Most of Burundi’s internally displaced people were not displaced by conflict but by climate change. In the East African country, the consequences of climate change have forced more than 100,000 people to flee, according to Save the Children.
In East Africa, there has been an increase in frequent extreme weather conditions, such as persistent heavy rainfall. Therefore, there has been a spike in flood disasters in recent years, and Burundi is particularly affected.
The sharp difference in sea surface temperatures between the western and eastern areas of the Indian Ocean is to blame. The waters around East Africa are now about two degrees Celsius warmer than those of the eastern Indian Ocean near Australia.
In an unpublished report by the Intergovernmental Panel on Climate Change (IPCC), obtained by the AFP news agency, UN climate experts predict that floods in Africa will displace 2.7 million people a year in the future. By 2050, 85 million people are likely to become climate refugees.
As a result of climate change, the Nile Basin can expect changes beyond anything previously experienced. Healthy ecosystems, like wetlands, offer many opportunities to help adapt and manage some of these changes.
Wetlands are valuable environmental assets and play a vital role in controlling floodwaters, reducing erosion, improving water quality and serving as habitats for diverse plants, animals and microorganisms.
Wetlands around the shores of rivers and lakes provide, for example, essential areas for floodwaters to inundate. This capacity to store and slow the flow of water during floods can help to steady flow rates, reduce flood peaks and lower the risk of flooding for towns and important infrastructure.

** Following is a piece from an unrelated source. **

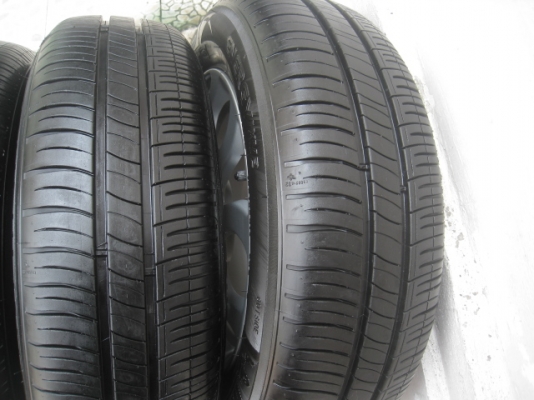 ขายล้อแม็ก Honda brio amaze 14" พร้อมยางปี13 สนใจติดต่อเล็กคลองสามครับ 081-3747940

The flooded nature of our wetlands also allows many of them to accumulate peat, a process taking place over thousands of years. Wetlands that have been damaged by drainage, overgrazing and other pressures emit carbon and therefore contribute to climate change.
Restoring and properly managing wetlands not only stops this emission of carbon, but it also allows wetlands to capture and store carbon, as well as absorb floodwaters and therefore averting flooding that regularly displaces people and destroys property.
Well-managed wetlands can therefore play an important role in helping society adapt to climate change.
But despite their potential contribution to the fight to rein back climate change, wetlands across the Nile Basin suffer from substantial degradation, both due to human action and the effects of climate change.
One crucial way of comprehending the significant losses caused by this degradation is to put a price tag on the ecosystem’s services.
The Rweru-Bugesera wetlands complex is a chain of lakes, marshlands and a river, and their basins, at the headwaters of the Nile River. “This wetland complex is shared between Rwanda and Burundi,” explains Herman Musahara, Associate Professor in the School of Economics College of Business and Economics at the University of Rwanda.
Rweru-Bugesera is one of the sub-basins in Rwanda. It involves the lake Rweru, the lake Cyohoha, Musahara explains, adding that its water drains into the Nile after feeding water into Akagera and Lake Victoria.
It is a relatively small wetland compared to others. But, he says, many people use the wetland, and it provides important ecosystem services.
The total economic value of the Rweru-Mugesera wetland is estimated at USD 124,098,826.
According to a 2020 Nile Basin Initiative (NBI) technical report, entitled “Wetlands and Biodiversity series Rweru-Bugesera Transboundary Wetlands Complex (Rwanda-Burundi)”, the total economic value of the Rweru-Mugesera wetland is estimated at USD 124,098,826.
The cost of degradation is estimated above USD 27.6 million, which is about 1.6 percent of the GDP of the two countries. The failure to rehabilitate and conserve wetlands that have been degraded, experts say, will lead to their inability to filter, store and supply fresh water and may ultimately lead to a water crisis.
According to Musahara, robust regulatory instruments are in place when it comes to the Rweru-Bugesera wetlands complex. However, he says, they are often not used: “There is a gap, which is reflected by the fact that implementing these policies and strategies is not on average more than 35 percent”.
Given the significant human and economic toll associated with degrading wetlands, urgent action is required – and soon.